On Your Own Time: The Art Of Personalized Watches

Porsche Design

While some watch brands and die-hard collectors argue that aftermarket customization of watches is blasphemy, certain brands are trying their hands at creating their own personalization projects.

For years, the watchmaking world has frowned on aftermarket customization. You know, buyers who take their Rolex or Audemars Piguet, for example, to third-party artisans to have them decked out in diamonds, gemstones, or even blackened and engraved with tattoo-like designs. Most of those watches, though, could not hold their value on the secondhand or auction market because the modifications are a personal preference. However, strong demand on the part of watch lovers for an individualized look has prompted some brands to start their own personalization processes.

Watch brands at ultra-high echelons such as Vacheron Constantin and Patek Philippe have been known to create one-of-a-kind highly complicated watches for special customers over the years. (Consider the fabled 1900s battle between these two brands and business magnates James Ward Packard and Henry Graves Jr. to see who could build, and own, the most complicated watch in the world.) Today, these companies continue to quietly produce one-offs for preferred customers, but sometimes those watches take years to complete.

So, for the purposes of real watch lovers who want something personalized at a level they can afford — and not wait years for — some brands have developed programs to let consumers customize certain elements of a watch, from selecting the dial color, to the strap, the engraving, the metal for the case, and more. These varying degrees of customization are beginning to garner a lot of attention and, depending on the provenance of the watch, some even hold their value on the auction market.

Bamford

In the realm of artistic customization, Jaeger-LeCoultre has long offered personalization of its Reverso design (rectangular watches whose case swivels open and can be reversed to show a second side); they can be hand-painted with scenes or portraits that customers provide. The brand also offers hand-engraving on the Reverso. In similar fashion, Corum offers customization of its Golden Bridge Dragon watch. The dragon that curls around the caliber is available in special Pantone colors. Each color is exclusive, meaning the brand will never issue the same color to any other customer. Certain independent watch brands like Kari Voutilainen and H. Moser & Cie. also offer personalized dial colors and hand-guilloché finishes in very limited amounts.

The independent brands have it a little easier when it comes to making customized pieces simply because their production levels are not as large as the mainstays — meaning they don’t necessarily have to stop creating a particular watch to retool the machinery and create a one-off.
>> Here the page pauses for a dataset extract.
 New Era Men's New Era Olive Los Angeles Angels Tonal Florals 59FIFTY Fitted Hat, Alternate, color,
Their master watchmakers and artisans are equipped for one-of-a-kind finishing, for instance, without shutting down production like a larger brand would have to do.

Jaeger-LeCoultre

On a more commercialized level, some brands are offering online configurators for customization. Watch buyers can select a host of different details to personalize, including dials, straps, stitching accents, colors of bezels or chapter rings, and in some cases, even movement parts. For instance, IWC Schaffhausen, a Richemont brand, introduced an online customization configurator where buyers could pick the aspects they wanted to customize for their Ingenieur timepieces.
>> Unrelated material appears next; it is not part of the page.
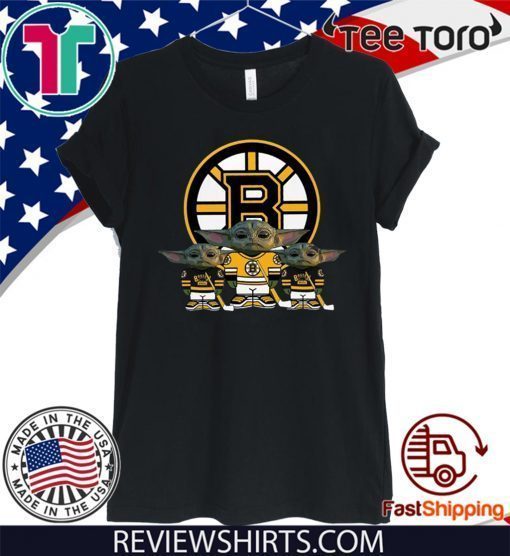 Boston Bruins Logo Baby Yoda 2020 T-Shirt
Porsche Design recently joined the configurator pack. The Porsche Design Chronotimer Chronograph chronometer is fully customizable; customers can pick PVD (physical vapor deposit) case coatings, bezel colors, bezel functions, dial colors, hands, straps, and stitching. They can even pick the paint color for the winding rotor inside the Caliber WERK 01.100, which matches the options available for the Porsche 911 car. With so many elements to customize, Porsche Design says there are 6 million possible combinations.

Jaeger-LeCoultre

Another of the most successful providers of custom watches is London- based Bamford Watch Department, known for issuing small collaboration series. The company has worked with LVMH brands including Zenith, TAG Heuer, Bulgari, and Hublot as well as with Girard-Perregaux and others. Additionally, Bamford’s eponymous brand provides more than a billion different combinations for its sport and lifestyle lines.

With so many companies offering these services, and more on the horizon, the new question is: Why not customize your time?


This article appeared in our August 2022 issue.